Project Lead: Ian Kelley, Ph.D., Research Consultant, Information School
eScience Liaison: Andrew Whitaker, Ph.D., Research Scientist, eScience Institute
The pervasive and rich data available in today’s networked computing environment provides many major opportunities for innovative data-intensive applications. Particularly challenging are data analysis projects that rely upon input from millions of sparse, highly dimensional, and dirty data files at can be difficult and time consuming to analyze.
The goal of this project was to develop methods and infrastructure for analyzing large-scale call detail record (CDR) data. The first goal of this investigation was to identify the computational and logistical challenges that existed when collecting, storing, and analyzing this type of data.
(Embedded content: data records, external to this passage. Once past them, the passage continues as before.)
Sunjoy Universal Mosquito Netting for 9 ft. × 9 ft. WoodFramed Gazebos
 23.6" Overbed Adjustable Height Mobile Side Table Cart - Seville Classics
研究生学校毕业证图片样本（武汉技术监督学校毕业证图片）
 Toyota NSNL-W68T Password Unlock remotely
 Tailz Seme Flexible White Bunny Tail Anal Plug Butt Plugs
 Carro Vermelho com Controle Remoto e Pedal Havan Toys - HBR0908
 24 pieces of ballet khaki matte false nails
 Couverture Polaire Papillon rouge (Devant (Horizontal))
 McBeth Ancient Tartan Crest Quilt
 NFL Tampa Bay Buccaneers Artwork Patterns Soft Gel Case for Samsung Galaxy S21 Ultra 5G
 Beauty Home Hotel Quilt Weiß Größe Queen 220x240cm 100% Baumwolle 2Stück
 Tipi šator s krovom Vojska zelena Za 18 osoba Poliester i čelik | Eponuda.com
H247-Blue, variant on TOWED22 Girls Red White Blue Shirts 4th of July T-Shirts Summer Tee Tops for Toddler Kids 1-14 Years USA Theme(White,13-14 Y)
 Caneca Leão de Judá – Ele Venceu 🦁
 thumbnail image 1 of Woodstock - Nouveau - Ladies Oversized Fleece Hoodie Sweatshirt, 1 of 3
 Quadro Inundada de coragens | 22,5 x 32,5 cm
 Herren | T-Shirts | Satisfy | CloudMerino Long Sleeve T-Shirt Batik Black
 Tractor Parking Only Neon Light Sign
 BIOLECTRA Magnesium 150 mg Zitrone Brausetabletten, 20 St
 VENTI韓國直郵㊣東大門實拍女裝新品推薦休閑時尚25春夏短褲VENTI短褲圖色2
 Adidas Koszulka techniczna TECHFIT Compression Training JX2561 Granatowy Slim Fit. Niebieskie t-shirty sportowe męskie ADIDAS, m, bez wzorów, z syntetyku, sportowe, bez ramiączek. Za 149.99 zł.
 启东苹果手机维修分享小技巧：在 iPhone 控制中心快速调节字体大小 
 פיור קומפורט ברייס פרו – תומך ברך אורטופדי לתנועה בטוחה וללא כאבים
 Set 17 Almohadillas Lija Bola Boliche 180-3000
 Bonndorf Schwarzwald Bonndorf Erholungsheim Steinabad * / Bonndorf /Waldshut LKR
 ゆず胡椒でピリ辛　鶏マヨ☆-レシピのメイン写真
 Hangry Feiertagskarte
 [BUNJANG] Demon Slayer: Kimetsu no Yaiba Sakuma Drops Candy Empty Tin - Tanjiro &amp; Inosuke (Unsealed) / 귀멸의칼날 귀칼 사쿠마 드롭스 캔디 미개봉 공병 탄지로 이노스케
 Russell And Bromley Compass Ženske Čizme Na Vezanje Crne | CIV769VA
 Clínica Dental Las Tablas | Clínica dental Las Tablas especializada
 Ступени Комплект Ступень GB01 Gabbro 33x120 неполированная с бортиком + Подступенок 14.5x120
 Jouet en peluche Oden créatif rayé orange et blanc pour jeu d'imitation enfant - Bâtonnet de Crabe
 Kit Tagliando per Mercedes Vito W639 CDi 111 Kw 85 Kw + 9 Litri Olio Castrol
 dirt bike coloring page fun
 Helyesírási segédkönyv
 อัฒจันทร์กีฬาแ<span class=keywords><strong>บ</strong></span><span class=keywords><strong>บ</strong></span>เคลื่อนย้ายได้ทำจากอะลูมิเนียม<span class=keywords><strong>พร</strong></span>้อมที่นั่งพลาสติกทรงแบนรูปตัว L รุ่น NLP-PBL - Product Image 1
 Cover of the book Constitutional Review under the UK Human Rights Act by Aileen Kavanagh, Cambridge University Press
The next stage focused on evaluating different tools, environments, and middle-ware that could support the data workflows needed to analyze this data. Due to the size, heterogeneity, and scale of the datasets, project scope and emphasis focused on current state-of-the-art “big data” systems such as MapReduce, Hive, Shark, and Spark.
Call Detail Records (CDRs) are one such set of information artifacts, consisting of metadata about mobile phone network calls that are passively collected in log files. These records can provide rich information that is useful for explorations ranging from mobility analysis and location inference to calculating probabilities of new product adoption.